Many longtime residents of the Race Street area have been displaced as a result of recent gentrification, Stephens said. This project, which includes 80 affordable units and 11 market-rate units, was able to keep some of those families in the neighborhood.
“When [gentrification] begins to happen, housing prices begin to go up and folks tend to get pushed out,” Stephens said. “Being able to come in and provide these units and have the affordability combined with the accessibility, we think will have a long-term impact on this neighborhood.”
The building was expanded twice in the 1950s, and its last church service was held on Christmas Eve 2018. Saigebrook tasked Miller-Slayton Architects and interior design firm Ink & Oro with updating the building while preserving elements of its design.
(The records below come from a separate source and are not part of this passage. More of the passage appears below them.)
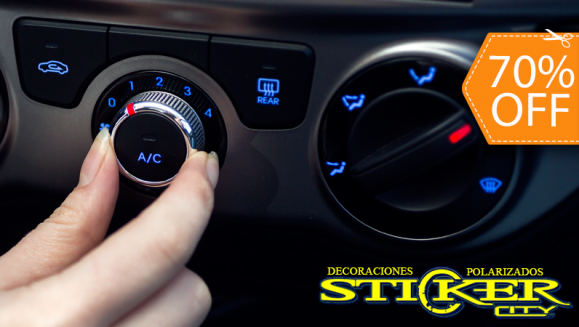 [Imagen:¡Paga $21 en lugar de $70 por Carga Completa de Aire Acondicionado + Limpieza de Blower + Limpieza de Filtro de Cabina + Revisión de Fugas y de Sistema Eléctrico de A/C + Lavado Completo + Pulido de Silvines o Limpieza de Rines en Sticker City!]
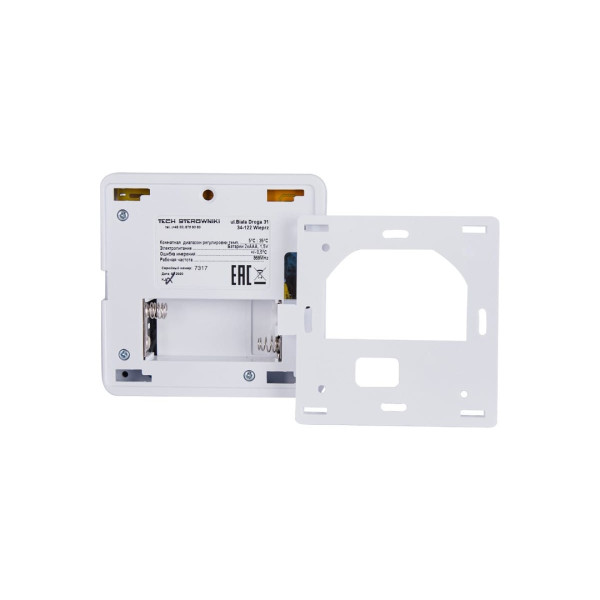 Датчик беспроводной комнатный Stout C-8r, белый (STE-0101-008010)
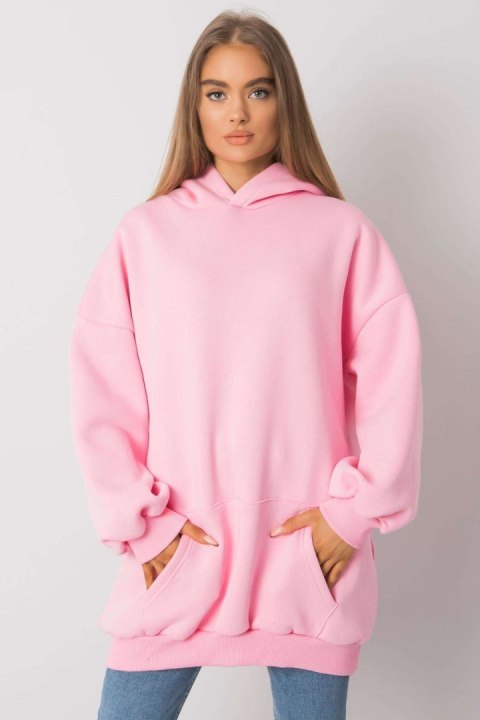 Bluza Damska Model RV-BL-6990.25X Pink - BFG Bluza Damska Model RV-BL-6990.25X Pink - BFG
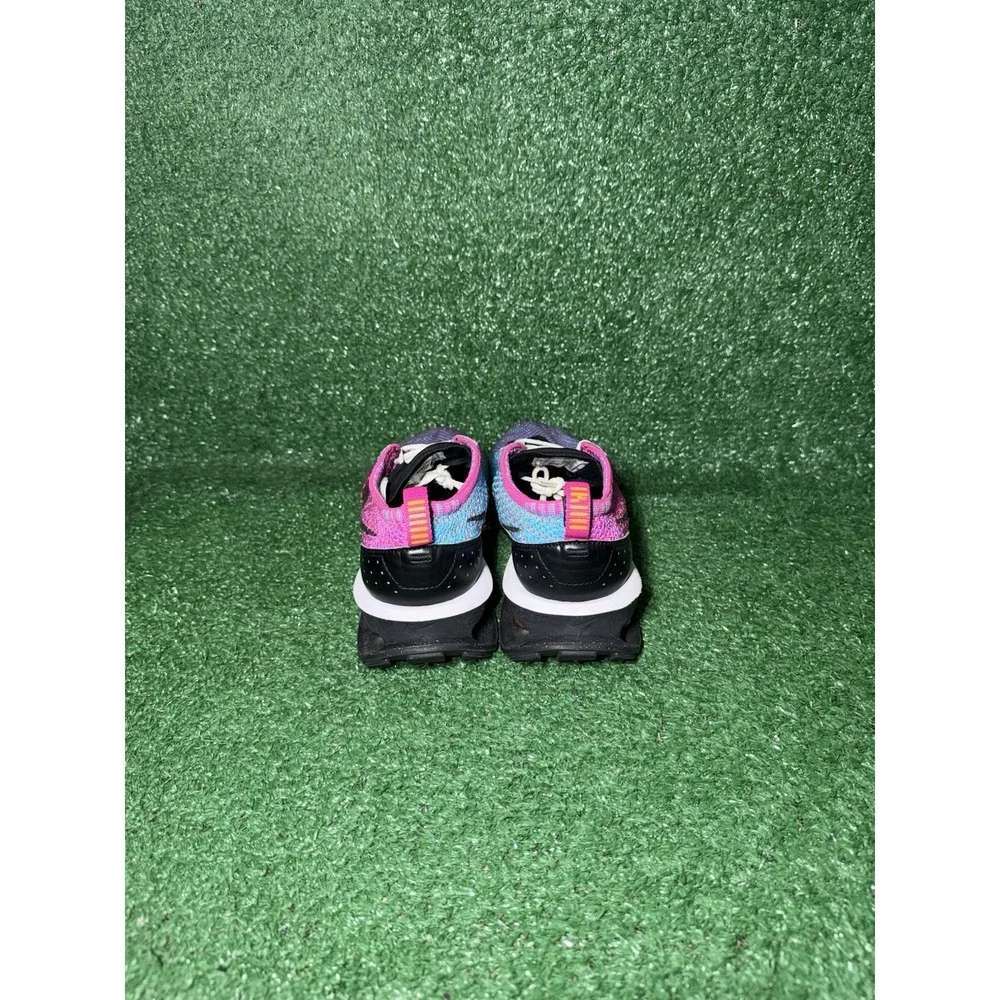 Nike Air Max Flyknit Racer Women Size 7 Multicolor Running Shoes Comfort Sneaker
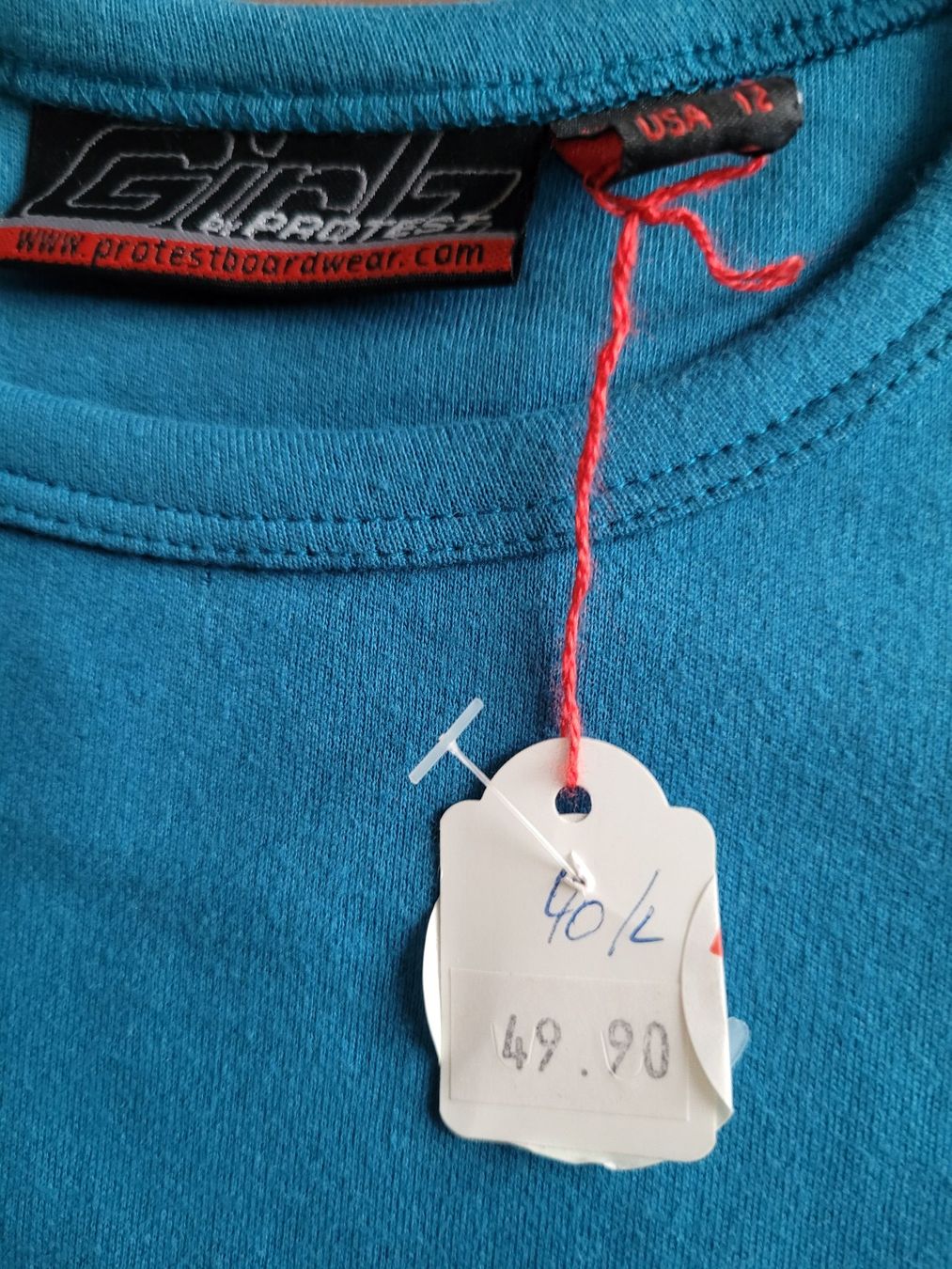 T-shirt: Langarmshirt Prostest Grösse L – Nuovo (secondo la descrizione) da Beinwil (Freiamt) venduto da Tourigny 2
Pieces of the church’s original stained glass windows were incorporated into the interior and exterior, and the common area features pews from the original sanctuary, altar and baptismal, according to Saigebrook. A community unveiling event will be held at the site on Dec. 16.
“As we peeled back the layers of this building — painstakingly preserving and restoring the woodwork, stained glass windows, light fixtures, and structural components — we also peeled back layers of history and learned so much about the history of this church and the community that has gathered here over the years,” Stephens said in a statement.